Over the last decade an increasingly influential independent annual report releases what is in effect the world’s ‘scorecard on education’. Like a student who awaits their end of year grades with trepidation, those that follow education development await the 1st March for the publication of the EFA Global Monitoring Report (GMR) with great interest.
Has the global ‘out of school’ child population been reduced? The GMR last year reported that in 2007, some 72 million children were out of school, a 28% decline from the start of the decade. While the trend is down, we are now mid way between 2000 and 2015, and the MDG target of getting all kids into primary school is seriously off track. Not least due to the seemingly intractable problems in certain countries and regions affected by conflict or where governments simply don’t exist or are incapable of providing basic services such as schooling.
It is notable that there is a major time-lag of three or more years between reporting global education statistics and the current year. In addition to thought provoking analysis, the GMR has large appendices that provide data on every country and region in the world. These originate from the UNESCO Institute of Statistics in Canada that has the unenviable job of collating, standardising and crunching this voluminous data from around the world. The long term trends in the GMR are of interest, for example the good progress made by large African countries such as Ethiopia and Tanzania, while Nigeria has made little impact in getting more children in to school in the past decade. Perhaps they should utilise the graphic wizardry I featured recently in Prof. Hans Rosling’s GapMinder World to visually articulate these trends?
To some extent I have specialised in supporting national efforts to improve education statistics and know how these information problems originate. Just last week I was in a meeting at the local UNESCO office, where, with staff from the Zimbabwean Ministry of Education, we discussed how to collect and disseminate student enrolment data for the last three years, as nothing has been formally published since 2006.

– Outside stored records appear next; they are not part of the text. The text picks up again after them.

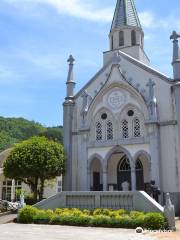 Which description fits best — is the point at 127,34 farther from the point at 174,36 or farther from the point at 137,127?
the point at 137,127

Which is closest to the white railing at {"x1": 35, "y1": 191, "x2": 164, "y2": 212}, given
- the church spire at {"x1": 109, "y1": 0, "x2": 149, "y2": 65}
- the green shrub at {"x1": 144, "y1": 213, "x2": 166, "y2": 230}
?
the green shrub at {"x1": 144, "y1": 213, "x2": 166, "y2": 230}

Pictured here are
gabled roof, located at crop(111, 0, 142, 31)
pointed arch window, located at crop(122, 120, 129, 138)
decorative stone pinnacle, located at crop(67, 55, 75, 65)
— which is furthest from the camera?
gabled roof, located at crop(111, 0, 142, 31)

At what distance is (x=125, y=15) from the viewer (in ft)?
119

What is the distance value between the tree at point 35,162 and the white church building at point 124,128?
2151 millimetres

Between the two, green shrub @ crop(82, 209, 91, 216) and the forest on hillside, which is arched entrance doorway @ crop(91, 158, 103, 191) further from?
the forest on hillside

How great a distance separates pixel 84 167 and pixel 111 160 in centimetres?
265

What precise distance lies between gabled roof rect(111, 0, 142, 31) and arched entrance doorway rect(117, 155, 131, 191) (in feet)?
47.0

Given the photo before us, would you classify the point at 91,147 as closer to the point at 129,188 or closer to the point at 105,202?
the point at 129,188

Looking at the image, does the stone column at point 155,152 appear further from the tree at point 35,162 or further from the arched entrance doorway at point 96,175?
the tree at point 35,162

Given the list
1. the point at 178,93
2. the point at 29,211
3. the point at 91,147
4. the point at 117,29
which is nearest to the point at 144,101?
the point at 178,93

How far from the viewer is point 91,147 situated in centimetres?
3077

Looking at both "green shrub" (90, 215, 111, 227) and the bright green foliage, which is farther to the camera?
the bright green foliage

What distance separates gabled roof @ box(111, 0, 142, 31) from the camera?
1409 inches

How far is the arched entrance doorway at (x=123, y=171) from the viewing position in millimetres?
30422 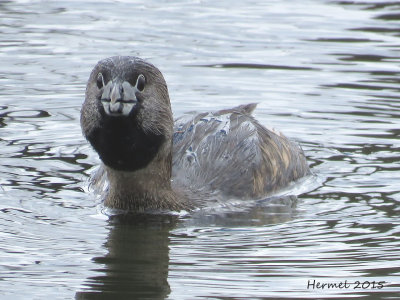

Interestingly the UNESCO Paris-based EFA GMR team in recent years have increasingly concentrated on the hard to reach ‘hot spots’ with a focus on education and governance (2009), marginalisation (2010) and now conflict in this year’s 2011 report. It’s not just a question of pumping in aid money, but also tackling underlying issues of inequality, corruption and weak institutions that prevent countries developing. I experienced this first hand in Nigeria, where the paradox existed of a huge under-utilised government Universal Basic Education Fund and the largest number (7m+) of out of school children in the world.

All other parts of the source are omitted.